Work required >>
Please reproduce the entries below exactly from the line with "گفتگوی عراقچی و" through their last line, leaving out any pictures.

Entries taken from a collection
---+---

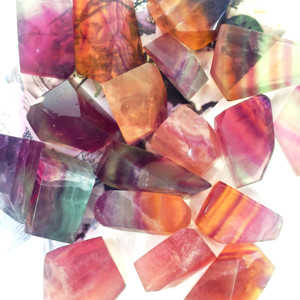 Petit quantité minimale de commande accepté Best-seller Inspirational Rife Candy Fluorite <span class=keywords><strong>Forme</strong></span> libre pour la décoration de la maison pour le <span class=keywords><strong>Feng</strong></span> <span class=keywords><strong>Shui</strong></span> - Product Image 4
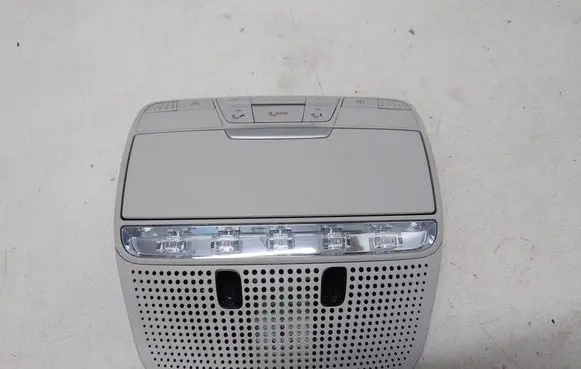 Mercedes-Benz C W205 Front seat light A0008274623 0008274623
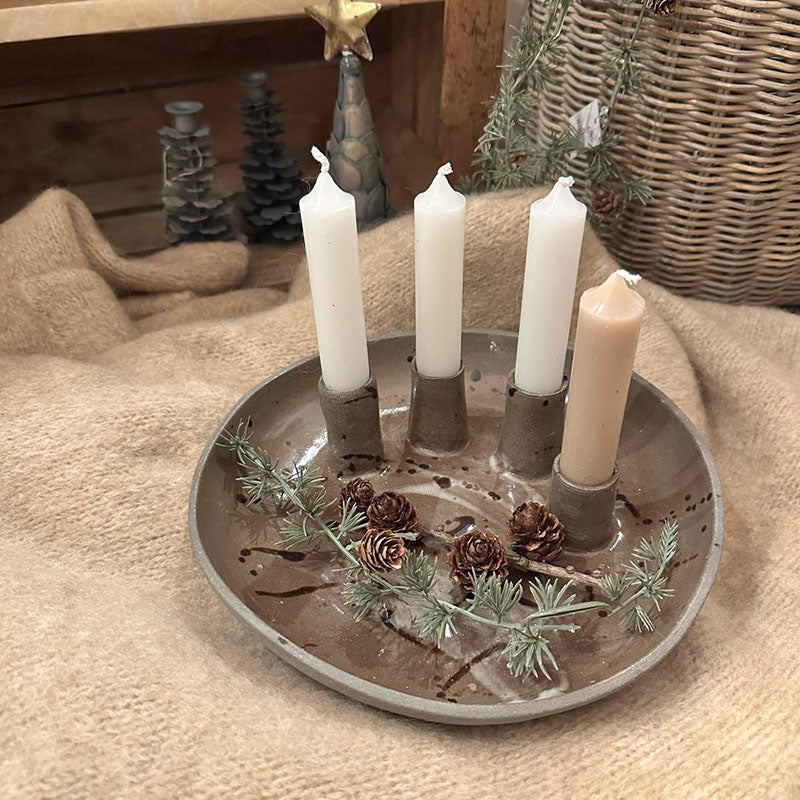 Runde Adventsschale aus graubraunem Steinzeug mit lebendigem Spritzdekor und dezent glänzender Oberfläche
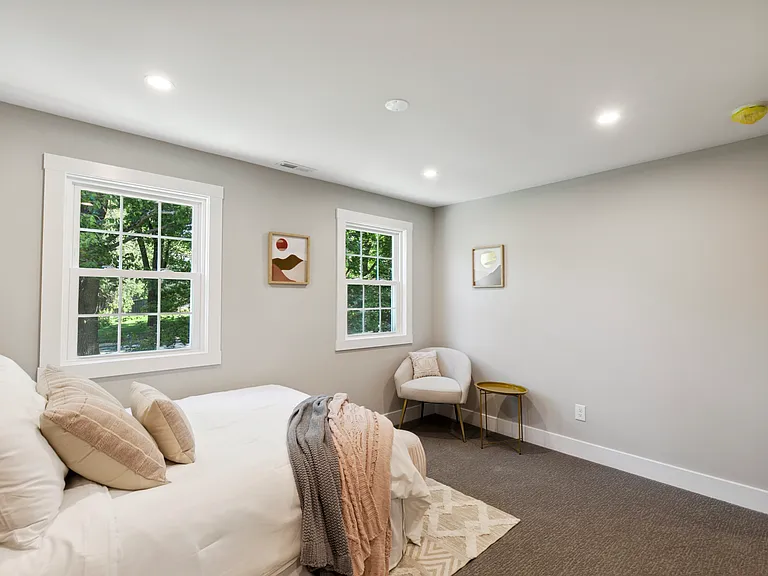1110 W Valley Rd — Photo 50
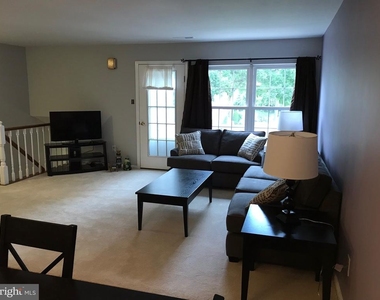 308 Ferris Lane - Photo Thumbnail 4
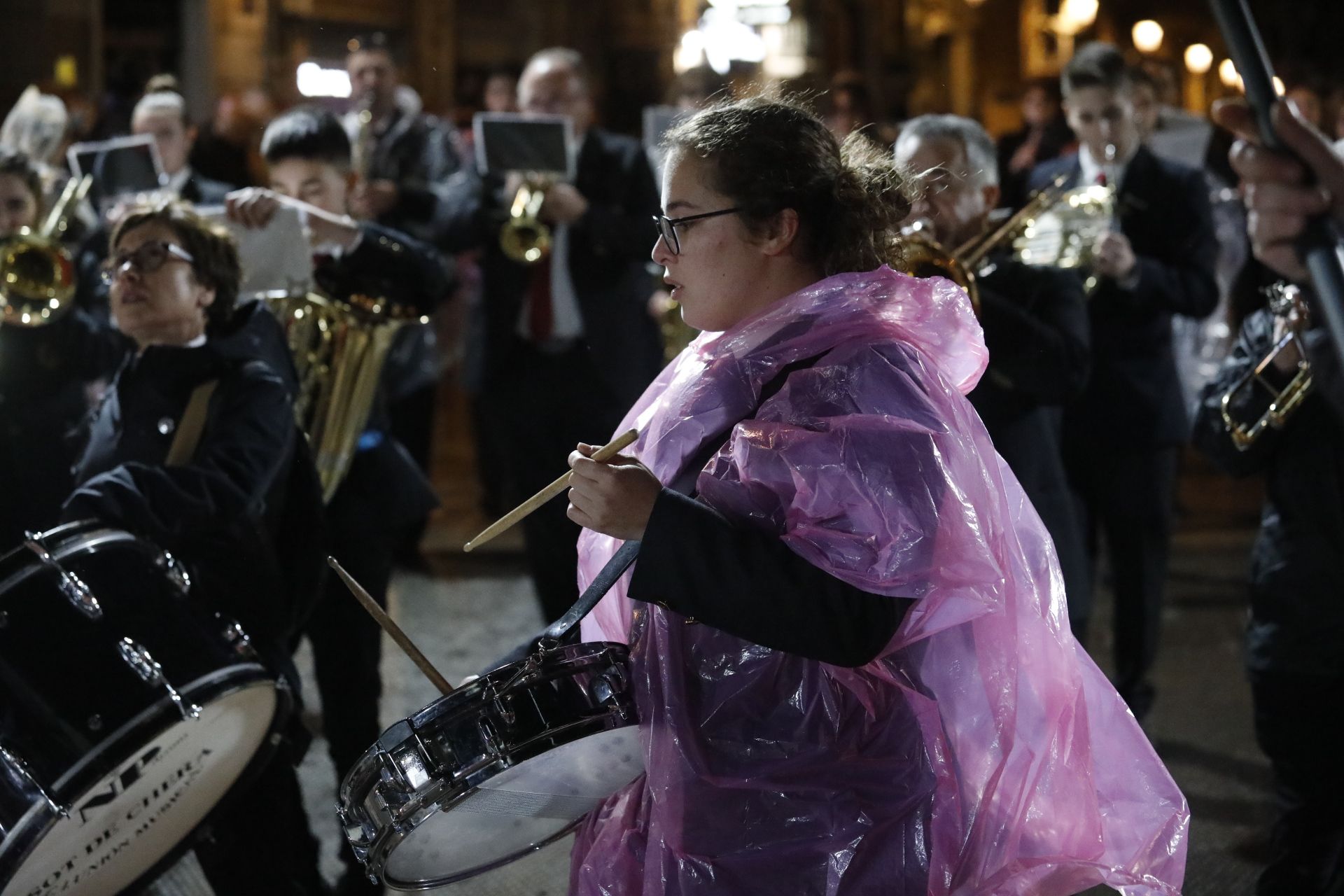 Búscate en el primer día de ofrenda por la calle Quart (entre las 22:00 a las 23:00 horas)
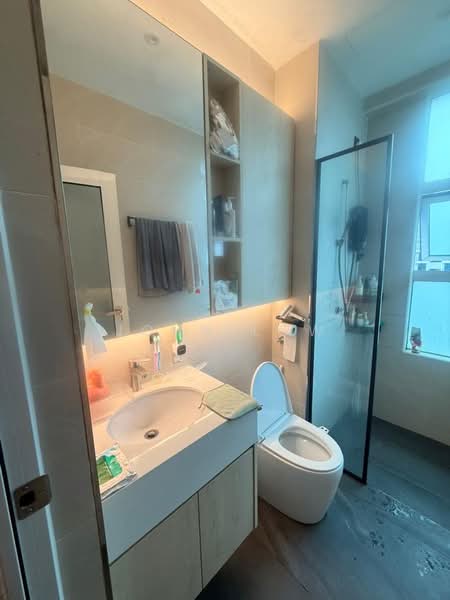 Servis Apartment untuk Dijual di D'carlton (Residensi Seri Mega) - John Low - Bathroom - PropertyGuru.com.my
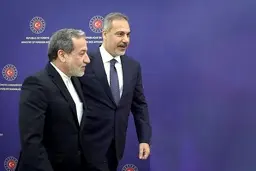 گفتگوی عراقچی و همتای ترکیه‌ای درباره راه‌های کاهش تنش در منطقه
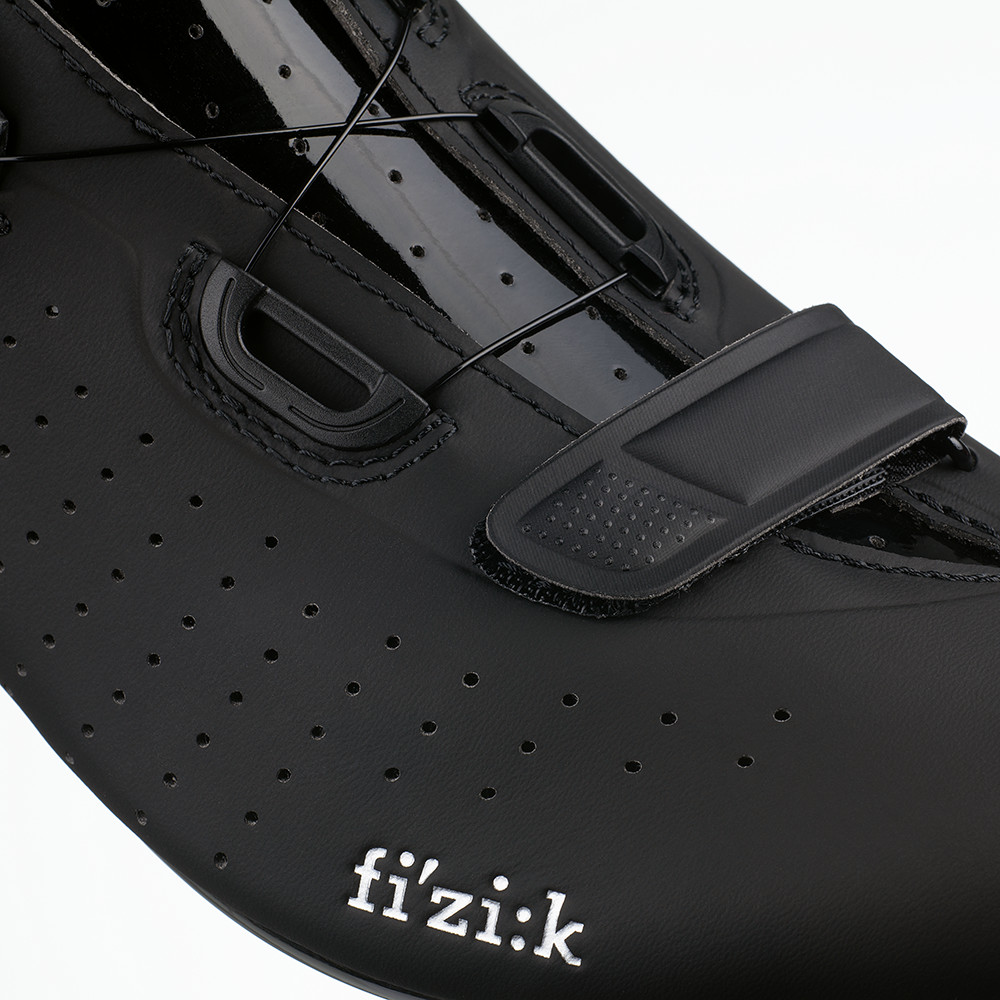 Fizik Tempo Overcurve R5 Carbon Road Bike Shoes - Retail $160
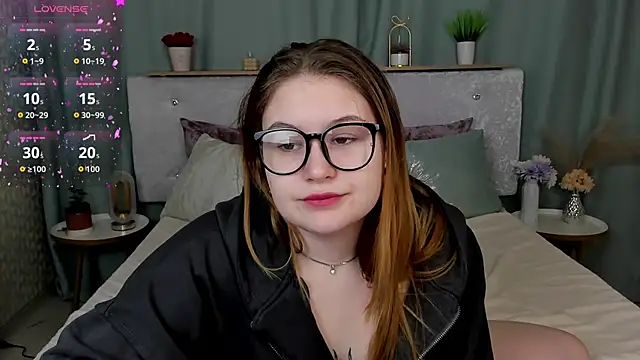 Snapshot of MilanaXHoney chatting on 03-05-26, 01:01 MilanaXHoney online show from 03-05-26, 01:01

---+---

Solution below >>
 گفتگوی عراقچی و همتای ترکیه‌ای درباره راه‌های کاهش تنش در منطقه
 Fizik Tempo Overcurve R5 Carbon Road Bike Shoes - Retail $160
 Snapshot of MilanaXHoney chatting on 03-05-26, 01:01 MilanaXHoney online show from 03-05-26, 01:01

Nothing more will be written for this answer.